Reproduce the records word for word, leaving out any pictures they hold.

Records from a data source
--------------------------------------------------
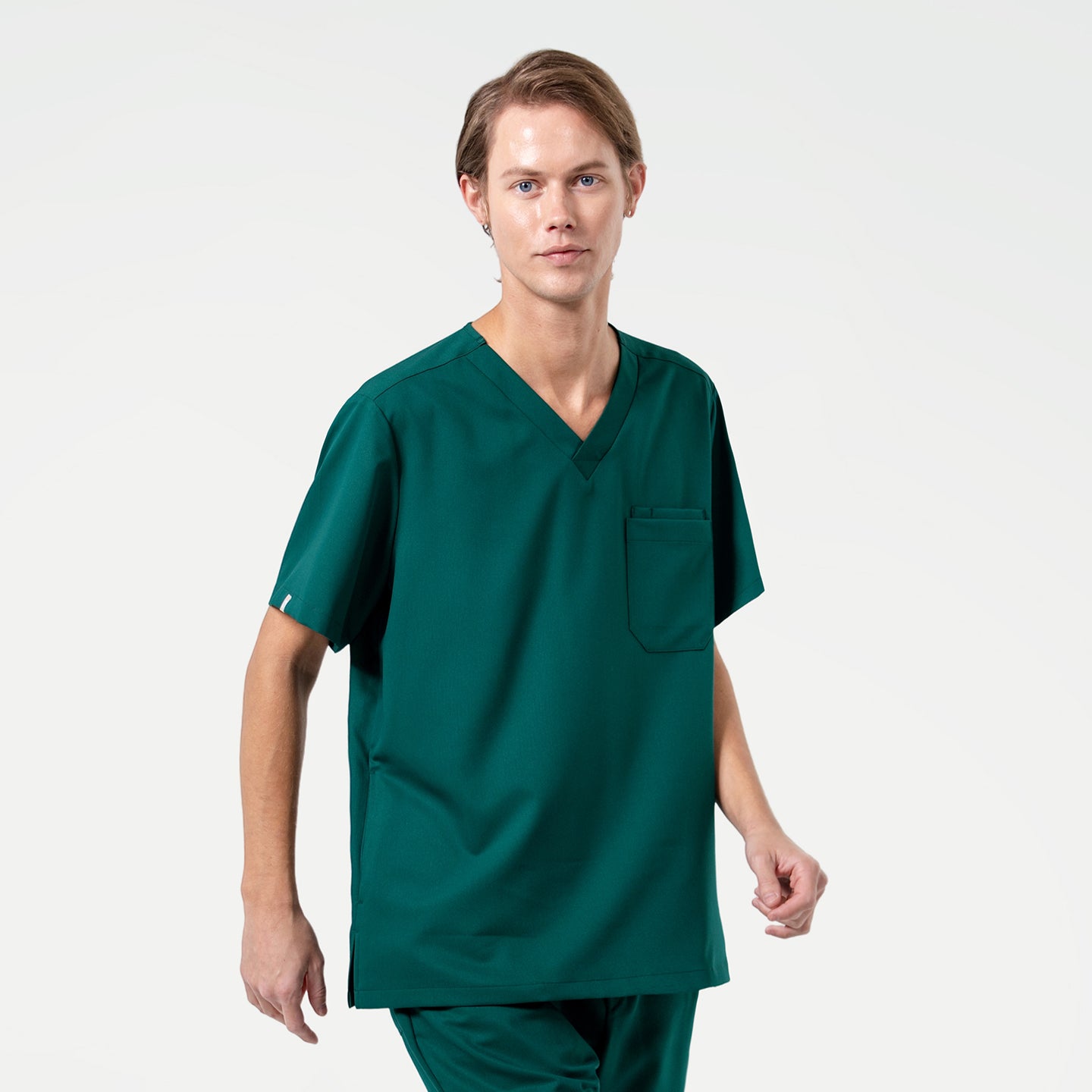 Wearing a Pine Green scrub set, the male model stands upright and faces forward with a calm, neutral expression, his arms relaxed at his sides, showcasing the clean and professional look of the outfit.
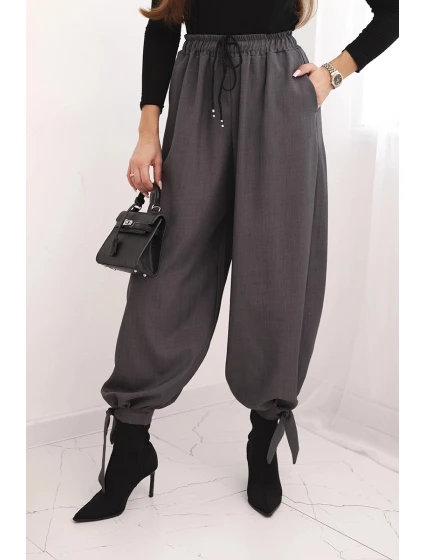 Dámské kalhoty s širokou nohavicí a zavazováním dole grafitové Dámské kalhoty s širokou nohavicí a zavazováním dole grafitové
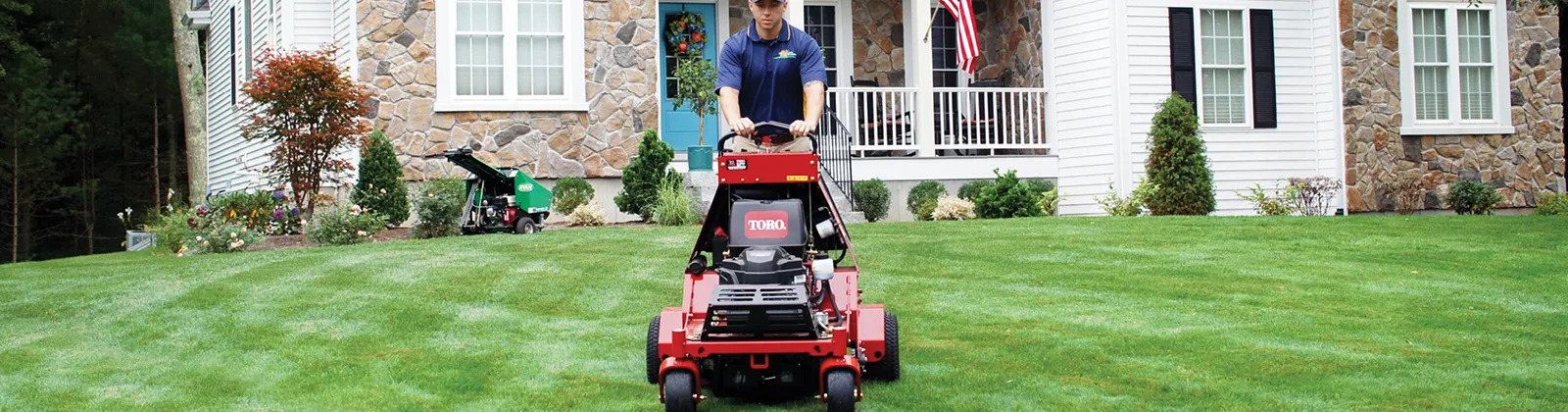 NaturaLawn expert providing core aeration services with a lawn aerator - lawn aeration services near me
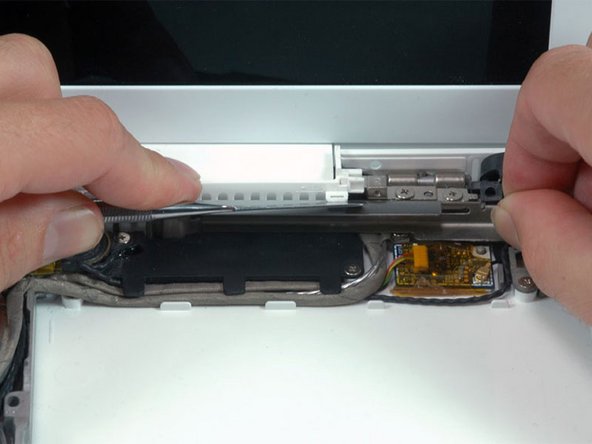 Using a spudger, gently pry up the white plastic slot and slide the metal c-channel to the right and away from the display.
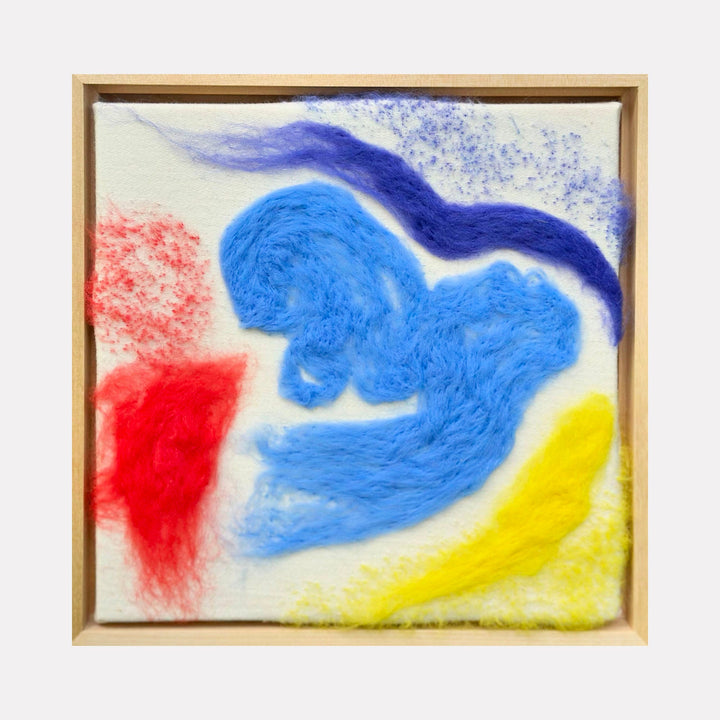 The artwork "RYB" features vibrant wool textures in primary colors with swirling and wispy forms of blue, red, yellow, and purple on a neutral background, creating a dynamic abstract composition. The piece is framed in light wood, emphasizing its tactile quality. By Ana Maria Farina.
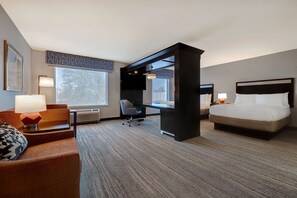 A hotel room with a bed, a desk, a chair, and a sofa.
--------------------------------------------------
> _Worked solution_
 Wearing a Pine Green scrub set, the male model stands upright and faces forward with a calm, neutral expression, his arms relaxed at his sides, showcasing the clean and professional look of the outfit.
 Dámské kalhoty s širokou nohavicí a zavazováním dole grafitové Dámské kalhoty s širokou nohavicí a zavazováním dole grafitové
 NaturaLawn expert providing core aeration services with a lawn aerator - lawn aeration services near me
 Using a spudger, gently pry up the white plastic slot and slide the metal c-channel to the right and away from the display.
 The artwork "RYB" features vibrant wool textures in primary colors with swirling and wispy forms of blue, red, yellow, and purple on a neutral background, creating a dynamic abstract composition. The piece is framed in light wood, emphasizing its tactile quality. By Ana Maria Farina.
 A hotel room with a bed, a desk, a chair, and a sofa.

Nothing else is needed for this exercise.